E não venha me dizer que estou exagerando, ou que apenas estamos passando por tempos tenebrosos e que o Brasil não é assim. Entre as décadas de 1970 e 1980 existia no endereço Bairro Boa Viagem. Av. Conselheiro Aguiar, 5000 em Recife, o Hotel Casa Grande e Senzala, em que se distinguia por oferecer aos consumidores a lastimável experiência de desfrutar de serviços de “mucamas e escravos”. Isso mesmo, esse era o slogan do Hotel!

A herança colonial da elite recifense é putrefata e isso não é lá grande novidade, mas experiências com apelos semelhantes são observáveis ao longo de todo o século XX e em todas as regiões do Brasil. Não podemos nos esquecer que entre os parlamentares brasileiros, houve intensas discussões para se estabelecer quase uma “solução final” para pretos e pretas no século XIX. 

Na impossibilidade de se garantir o genocídio aberto e fornalizado na letra da lei, como aqueles perpetrados no Congo Belga por Leopoldo II (muito admirado pelas elites brasileiras), os parlamentares adotaram como remédio a imigração, não por acaso bem próximo de 1888 há intenso fluxo de alemães e italianos para o Brasil, o aumento do proletariado europeu ao sul do Equador era reflexo das péssimas condições da classe trabalhadora na Europa e do racismo no Brasil.

A grave situação exposta no início desta coluna, o caso dos 7 trabalhadores salvos pelo MPT, não é uma distorção isolada de um psicopata ou de um senhor cruel, fora de controle e fora da lógica de sua classe. Ao contrário, é sistêmico! Tais relações fazem parte (em maior ou menor escala) do cotidiano da classe trabalhadora. Patrões esmagam nossos direitos e não se intimidam com acusações, já que as instituições são extremamente coniventes com tais crimes. Tratam trabalho escravo como se fosse algo menor, menos cruel, menos criminoso que por exemplo tráfico de drogas, quando na verdade talvez apenas homicídio, estupro e tortura ocupem tamanho grau de desumanidade entre os crimes perpetrados contra os direitos da pessoa humana.

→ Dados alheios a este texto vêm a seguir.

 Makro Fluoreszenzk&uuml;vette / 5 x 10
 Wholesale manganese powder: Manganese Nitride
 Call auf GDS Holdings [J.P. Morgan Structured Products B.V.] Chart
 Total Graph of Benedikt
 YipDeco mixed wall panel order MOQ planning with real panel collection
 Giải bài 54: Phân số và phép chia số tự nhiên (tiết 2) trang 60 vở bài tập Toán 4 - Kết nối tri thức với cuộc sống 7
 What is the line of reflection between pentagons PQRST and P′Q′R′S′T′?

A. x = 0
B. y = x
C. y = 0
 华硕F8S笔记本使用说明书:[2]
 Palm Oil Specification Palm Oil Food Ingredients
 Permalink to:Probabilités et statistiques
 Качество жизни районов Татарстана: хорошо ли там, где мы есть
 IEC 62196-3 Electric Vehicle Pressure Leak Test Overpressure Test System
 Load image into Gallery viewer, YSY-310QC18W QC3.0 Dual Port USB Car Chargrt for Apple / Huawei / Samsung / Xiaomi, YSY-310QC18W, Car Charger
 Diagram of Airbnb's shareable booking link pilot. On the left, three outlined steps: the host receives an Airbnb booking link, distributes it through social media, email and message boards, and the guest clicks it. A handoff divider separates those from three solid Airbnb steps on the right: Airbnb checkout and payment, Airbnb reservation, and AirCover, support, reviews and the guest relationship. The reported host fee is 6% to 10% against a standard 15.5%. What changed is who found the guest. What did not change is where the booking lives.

Não é sobre apenas o ar condicionado no escritório, o cafézinho depois do almoço ou o tempo no banheiro. Não é tão somente uma luta contra o assédio moral, não é apenas busca por melhoria salarial… O povo brasileiro vive condições trabalhistas deprimentes. Quando falamos em lutar contra a retirada de direitos, estamos nos referindo ao combate contra o projeto de pauperização, submissão e exploração da classe trabalhadora; ou fazemos isso como classe, ou sofreremos as consequências, também como classe.